What is a good way to approach managing the two displays?

Currently, I have the application set up in MVVM format and am using Caliburn.Micro.

Each map is in its own UserControl and they are activated in a ContentControl on my ShellView using Conductor and ActivateItem in the ShellViewModel. I would like to have the Active Item also be displayed in a separate Window (on the wall-mounted screen).

Here is the code so far:

ShellView.xaml:

<Grid>
       <!--The Content control shows which MapView is currently active-->
       <ContentControl x:Name="ActiveItem"/>
           <StackPanel>
               <TextBlock Text="Select a map.">
               <ComboBox>
                   <Button x:Name="LoadMap1">Map1</Button>
                   <Button x:Name="LoadMap2">Map2</Button>
                   <Button x:Name="LoadMap3">Map3</Button>
               </ComboBox>
           </StackPanel>
   </Grid>



ShellViewModel.cs
public class ShellViewModel : Conductor<object>
{
    public ShellViewModel()
    {

    }

    public void LoadMap1()
    {
        ActivateItem(new MapOneViewModel());
    }

    public void LoadMap2()
    {
        ActivateItem(new MapTwoViewModel());
    }

    public void LoadMap3()
    {
        ActivateItem(new MapThreeViewModel());
    }
}


I do not know if this is the best way to set this up, but it works well for loading the maps on the ShellView.
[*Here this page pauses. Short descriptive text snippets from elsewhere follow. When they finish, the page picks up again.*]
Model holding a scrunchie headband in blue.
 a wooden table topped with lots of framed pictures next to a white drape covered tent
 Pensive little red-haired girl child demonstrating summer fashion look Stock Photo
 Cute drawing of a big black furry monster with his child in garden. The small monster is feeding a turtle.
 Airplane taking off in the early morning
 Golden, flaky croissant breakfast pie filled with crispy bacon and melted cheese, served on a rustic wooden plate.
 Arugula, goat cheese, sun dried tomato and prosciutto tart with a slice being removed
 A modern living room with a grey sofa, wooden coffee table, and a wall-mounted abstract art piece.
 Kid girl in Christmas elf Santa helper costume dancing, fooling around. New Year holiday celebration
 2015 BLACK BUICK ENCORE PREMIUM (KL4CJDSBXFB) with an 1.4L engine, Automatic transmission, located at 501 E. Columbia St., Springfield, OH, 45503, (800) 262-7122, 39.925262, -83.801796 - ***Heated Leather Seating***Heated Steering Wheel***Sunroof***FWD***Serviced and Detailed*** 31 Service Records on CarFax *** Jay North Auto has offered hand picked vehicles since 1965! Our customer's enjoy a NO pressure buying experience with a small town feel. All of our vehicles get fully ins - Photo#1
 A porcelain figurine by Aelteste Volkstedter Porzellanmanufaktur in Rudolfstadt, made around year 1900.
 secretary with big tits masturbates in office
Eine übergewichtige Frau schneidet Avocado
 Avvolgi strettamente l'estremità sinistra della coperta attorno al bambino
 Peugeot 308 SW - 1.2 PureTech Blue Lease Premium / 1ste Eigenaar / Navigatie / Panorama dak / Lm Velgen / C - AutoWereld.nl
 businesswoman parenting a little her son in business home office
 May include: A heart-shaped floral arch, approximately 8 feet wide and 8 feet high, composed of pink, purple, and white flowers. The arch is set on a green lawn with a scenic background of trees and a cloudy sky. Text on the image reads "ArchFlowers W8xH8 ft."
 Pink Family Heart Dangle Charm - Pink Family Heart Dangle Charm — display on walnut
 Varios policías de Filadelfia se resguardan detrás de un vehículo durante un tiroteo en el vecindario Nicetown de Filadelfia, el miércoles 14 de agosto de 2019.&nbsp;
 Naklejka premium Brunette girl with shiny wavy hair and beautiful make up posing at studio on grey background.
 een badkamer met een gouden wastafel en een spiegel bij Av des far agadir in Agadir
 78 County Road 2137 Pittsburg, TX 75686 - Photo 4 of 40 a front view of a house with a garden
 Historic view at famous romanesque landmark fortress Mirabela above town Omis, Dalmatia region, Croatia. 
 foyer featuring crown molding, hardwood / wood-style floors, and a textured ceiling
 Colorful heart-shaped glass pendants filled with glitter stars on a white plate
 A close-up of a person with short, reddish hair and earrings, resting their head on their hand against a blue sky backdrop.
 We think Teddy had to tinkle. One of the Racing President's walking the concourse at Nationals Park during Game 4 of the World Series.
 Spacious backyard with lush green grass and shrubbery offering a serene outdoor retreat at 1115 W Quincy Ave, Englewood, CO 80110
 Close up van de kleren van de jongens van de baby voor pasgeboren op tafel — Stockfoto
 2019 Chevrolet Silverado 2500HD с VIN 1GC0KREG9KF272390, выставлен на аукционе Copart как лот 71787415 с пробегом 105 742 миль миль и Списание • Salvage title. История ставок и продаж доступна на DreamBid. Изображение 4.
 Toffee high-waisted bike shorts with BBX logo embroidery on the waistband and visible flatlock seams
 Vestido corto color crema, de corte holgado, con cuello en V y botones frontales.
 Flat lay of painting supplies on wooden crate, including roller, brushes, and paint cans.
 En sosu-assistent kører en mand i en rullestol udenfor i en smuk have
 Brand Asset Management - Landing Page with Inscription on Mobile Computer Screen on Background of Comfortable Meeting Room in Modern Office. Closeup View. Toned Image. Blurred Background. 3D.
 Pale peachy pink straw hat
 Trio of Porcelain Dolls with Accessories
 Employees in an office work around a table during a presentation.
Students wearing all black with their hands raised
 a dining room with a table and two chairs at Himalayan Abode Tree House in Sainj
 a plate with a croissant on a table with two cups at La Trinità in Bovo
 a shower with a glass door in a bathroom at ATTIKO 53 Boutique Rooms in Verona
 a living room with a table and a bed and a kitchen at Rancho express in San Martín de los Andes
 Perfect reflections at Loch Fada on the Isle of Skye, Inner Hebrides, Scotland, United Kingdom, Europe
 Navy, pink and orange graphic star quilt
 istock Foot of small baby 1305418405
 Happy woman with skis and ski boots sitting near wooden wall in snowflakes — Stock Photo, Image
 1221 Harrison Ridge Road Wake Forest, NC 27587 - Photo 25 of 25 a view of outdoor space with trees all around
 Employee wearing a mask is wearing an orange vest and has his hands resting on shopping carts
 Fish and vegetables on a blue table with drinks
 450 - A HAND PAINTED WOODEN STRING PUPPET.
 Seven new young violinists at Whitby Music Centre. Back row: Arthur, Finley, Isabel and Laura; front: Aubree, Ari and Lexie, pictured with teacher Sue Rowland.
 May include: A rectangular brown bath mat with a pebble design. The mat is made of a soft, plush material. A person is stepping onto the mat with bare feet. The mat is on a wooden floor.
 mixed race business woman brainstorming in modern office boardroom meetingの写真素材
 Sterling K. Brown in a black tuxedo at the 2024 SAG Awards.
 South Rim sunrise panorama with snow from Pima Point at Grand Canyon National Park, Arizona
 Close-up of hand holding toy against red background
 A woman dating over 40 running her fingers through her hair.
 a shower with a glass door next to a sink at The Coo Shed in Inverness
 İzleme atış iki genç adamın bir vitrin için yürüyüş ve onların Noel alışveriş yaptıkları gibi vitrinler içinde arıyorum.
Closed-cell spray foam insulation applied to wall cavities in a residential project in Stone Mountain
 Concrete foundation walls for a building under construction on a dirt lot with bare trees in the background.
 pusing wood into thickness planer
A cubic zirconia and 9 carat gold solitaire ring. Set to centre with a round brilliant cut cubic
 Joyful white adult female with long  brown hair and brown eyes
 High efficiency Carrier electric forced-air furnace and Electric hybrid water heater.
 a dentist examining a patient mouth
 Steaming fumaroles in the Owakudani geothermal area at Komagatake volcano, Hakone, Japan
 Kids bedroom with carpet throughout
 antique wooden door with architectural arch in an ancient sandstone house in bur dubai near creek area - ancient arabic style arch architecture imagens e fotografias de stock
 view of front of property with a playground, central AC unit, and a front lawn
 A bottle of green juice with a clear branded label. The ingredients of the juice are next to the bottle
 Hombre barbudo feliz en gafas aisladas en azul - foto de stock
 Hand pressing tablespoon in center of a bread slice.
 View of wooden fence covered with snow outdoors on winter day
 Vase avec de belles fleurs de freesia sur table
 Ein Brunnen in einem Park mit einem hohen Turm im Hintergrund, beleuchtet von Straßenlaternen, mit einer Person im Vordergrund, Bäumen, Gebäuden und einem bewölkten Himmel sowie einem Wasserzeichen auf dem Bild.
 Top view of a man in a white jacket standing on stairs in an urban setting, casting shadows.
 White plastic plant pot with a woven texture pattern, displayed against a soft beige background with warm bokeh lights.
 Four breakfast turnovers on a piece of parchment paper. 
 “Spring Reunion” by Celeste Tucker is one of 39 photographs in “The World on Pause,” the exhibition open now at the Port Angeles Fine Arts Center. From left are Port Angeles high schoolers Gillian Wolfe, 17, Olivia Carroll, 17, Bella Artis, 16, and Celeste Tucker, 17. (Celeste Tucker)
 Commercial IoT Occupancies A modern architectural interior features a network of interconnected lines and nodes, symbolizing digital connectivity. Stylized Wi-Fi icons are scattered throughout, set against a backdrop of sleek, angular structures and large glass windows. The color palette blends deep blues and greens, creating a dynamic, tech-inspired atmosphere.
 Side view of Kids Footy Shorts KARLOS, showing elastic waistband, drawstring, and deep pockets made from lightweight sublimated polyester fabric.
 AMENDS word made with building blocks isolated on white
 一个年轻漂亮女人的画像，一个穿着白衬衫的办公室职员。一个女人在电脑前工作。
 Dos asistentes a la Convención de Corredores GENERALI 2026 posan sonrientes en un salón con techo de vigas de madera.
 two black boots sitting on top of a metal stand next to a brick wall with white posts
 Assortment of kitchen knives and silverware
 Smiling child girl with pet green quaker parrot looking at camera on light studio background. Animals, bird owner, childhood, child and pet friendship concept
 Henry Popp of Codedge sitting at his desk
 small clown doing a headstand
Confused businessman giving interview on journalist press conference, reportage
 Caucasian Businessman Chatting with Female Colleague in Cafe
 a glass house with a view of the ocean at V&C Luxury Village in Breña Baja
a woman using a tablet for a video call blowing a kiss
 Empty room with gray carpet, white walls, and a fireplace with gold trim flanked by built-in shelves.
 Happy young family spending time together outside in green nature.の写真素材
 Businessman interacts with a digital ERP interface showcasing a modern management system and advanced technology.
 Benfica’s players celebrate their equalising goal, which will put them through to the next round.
I really just need to show the same thing in another window for the wall-mounted Display

Any help appreciated, Thanks!

What I have tried:

I have tried using a VisualBrush but don't know if I can bind it across two Windows.
Posted
Updated 18-Apr-19 13:50pm

1 solution

You can show as many non-modal windows as you want; and have any window call methods in another window.

If that isn't enough, you run multiple instances of your app; using remote automation or whatever else comes to mind.

Windows can be dragged to any screen. Windows 10 scales well, IMO.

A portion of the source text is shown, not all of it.